The Cost of Consistency: Submodular Maximization with Constant Recourse
This work addresses the trade-off between solution stability and approximation quality in online optimization, showing a separation between deterministic and randomized algorithms, which is incremental but provides new theoretical insights.
The paper tackles online submodular maximization with constant recourse, deriving tight information-theoretic bounds of 2/3 for general monotone submodular functions and 3/4 for coverage functions, and presents a poly-time randomized algorithm achieving a 0.51-approximation.
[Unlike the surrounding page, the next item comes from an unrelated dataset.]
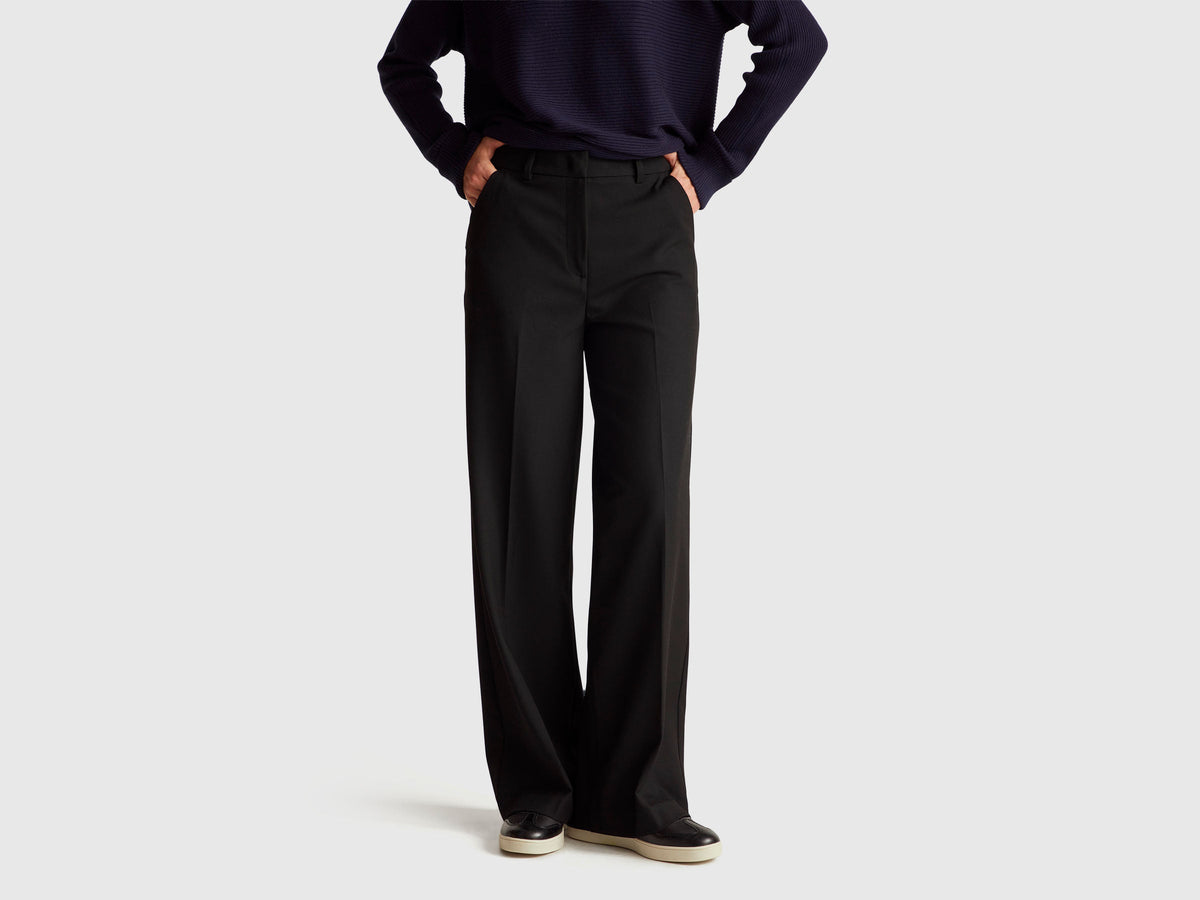 Pantaloni ampi in misto viscosa stretch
In this work, we study online submodular maximization, and how the requirement of maintaining a stable solution impacts the approximation. In particular, we seek bounds on the best-possible approximation ratio that is attainable when the algorithm is allowed to make at most a constant number of updates per step. We show a tight information-theoretic bound of $\tfrac{2}{3}$ for general monotone submodular functions, and an improved (also tight) bound of $\tfrac{3}{4}$ for coverage functions. Since both these bounds are attained by non poly-time algorithms, we also give a poly-time randomized algorithm that achieves a $0.51$-approximation. Combined with an information-theoretic hardness of $\tfrac{1}{2}$ for deterministic algorithms from prior work, our work thus shows a separation between deterministic and randomized algorithms, both information theoretically and for poly-time algorithms.